YouTube Mirror exhibited the participatory nature of an interactive installation. The real-time interactivity of YouTube Mirror led the audience to explore the generative representation of the machine by navigating the latent space of the model with their own body. As a result, the audience showed various movements to interact with the YouTube Mirror installation that provides a multisensory, cross-modal experience.

The YouTube Mirror installation demonstrated potential for utilizing cross-modal generative modeling in interactive audiovisual art. However, there are some limitations that can be further developed and explored. First, the model was trained without any specific categorization of the videos or labeling of the objects that appeared in the videos. This resulted in the generated images being too generalized across the entire video dataset. In general, the human bodies were represented as black unless they had white parts on their clothes. Instead of a fully unsupervised way of training, a better approach to training the model would be to use video data with category labels. Alternatively, exploring different generative modeling architectures, such as diffusion models[25], could prove beneficial.

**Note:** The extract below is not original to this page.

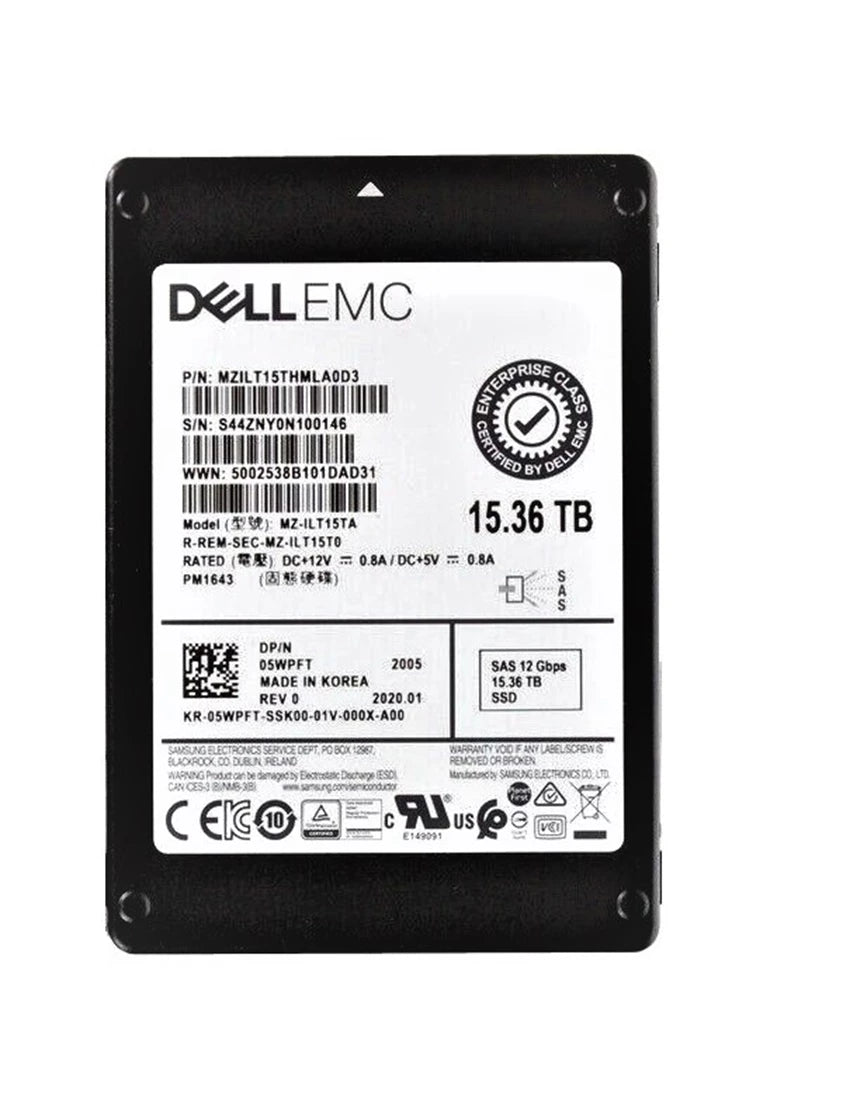 三星 PM1643 MZ-ILT15TA SSD 15.36 TB SAS 12Gb/s 戴爾 OEM |用過的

Second, the generated sounds had no clear distinction according to the given images. Instead, the work produced only machine-like abstract sounds. This limitation can be attributed, in part, to the small lengths of audio samples used during both model training and sound generation. This decision was made to strike a balance between sound quality and inference speed. The concrete sound generation also could be improved with the use of the labeled video data. In addition, exploring alternative methods for generating longer sound samples without introducing severe delays in the sound reconstruction process would be valuable avenues for further investigation.

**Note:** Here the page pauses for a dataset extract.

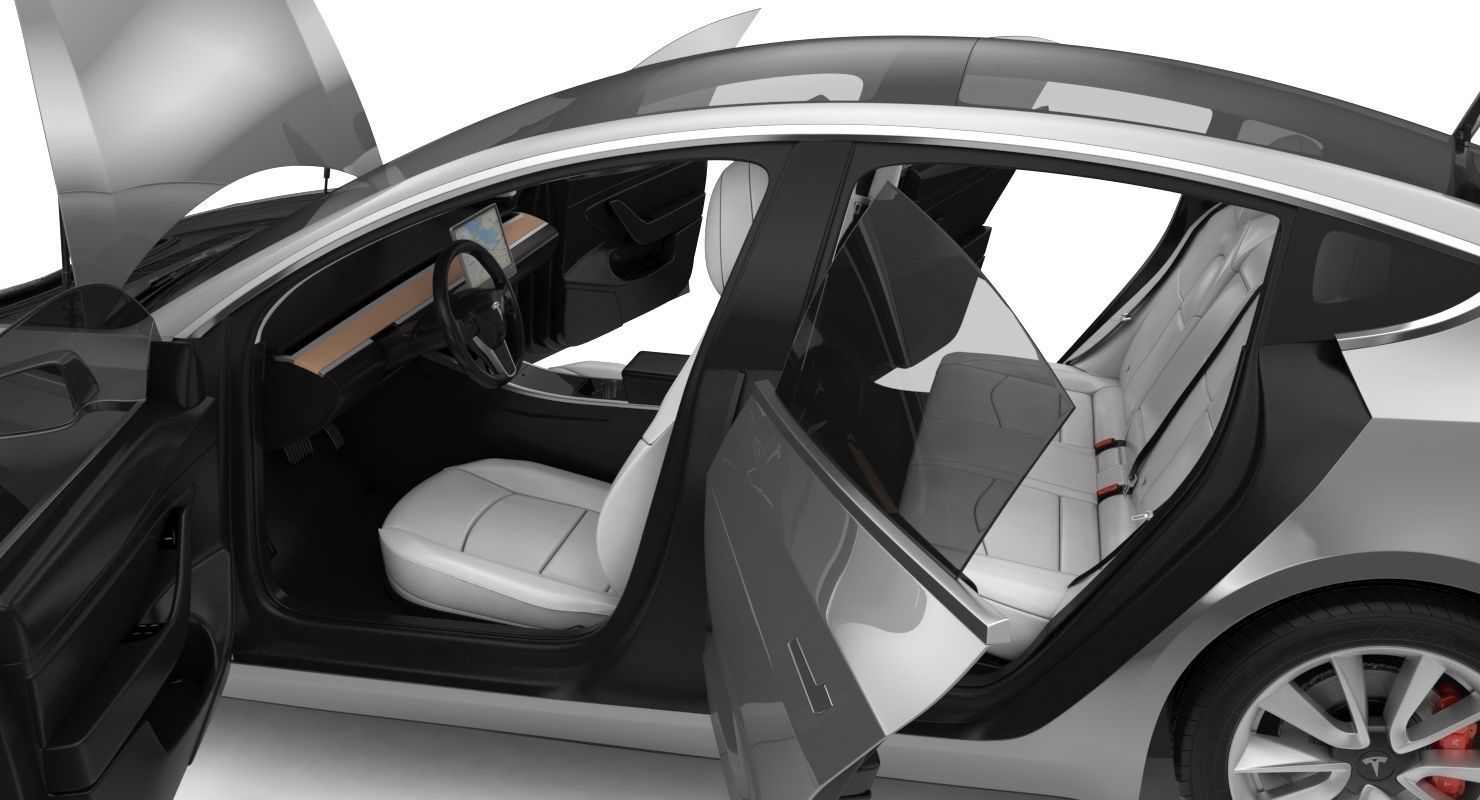 Tesla Model 3 Silver Metallic  3D model_20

Third, the YouTube Mirror installation relied on the presence of the audience to differentiate audiovisual output. This somewhat confused the audience to think the generated sound is the result of the sonified camera input. A different installation design could be conceived to alleviate this issue. For example, if there is no audience in front of the installation, the installation can randomly choose representative images from the training data and represent their reconstructed images and sounds. This approach could help the audience understand what the work is attempting to represent even when they do not stand before the camera.

Finally, as an initial attempt to explore possible installation configurations, the current version of the YouTube Mirror installation only uses an image-to-sound associator. The installation can be configured in a different way with a sound-to-image associator. For example, the audience’s sound input can be used to generate corresponding images, allowing them to navigate the model’s latent space with their voice. There is also a possible configuration where both associators are used together so that the audience can see their reconstructed images being modified by or mixed with the images generated from their sound input.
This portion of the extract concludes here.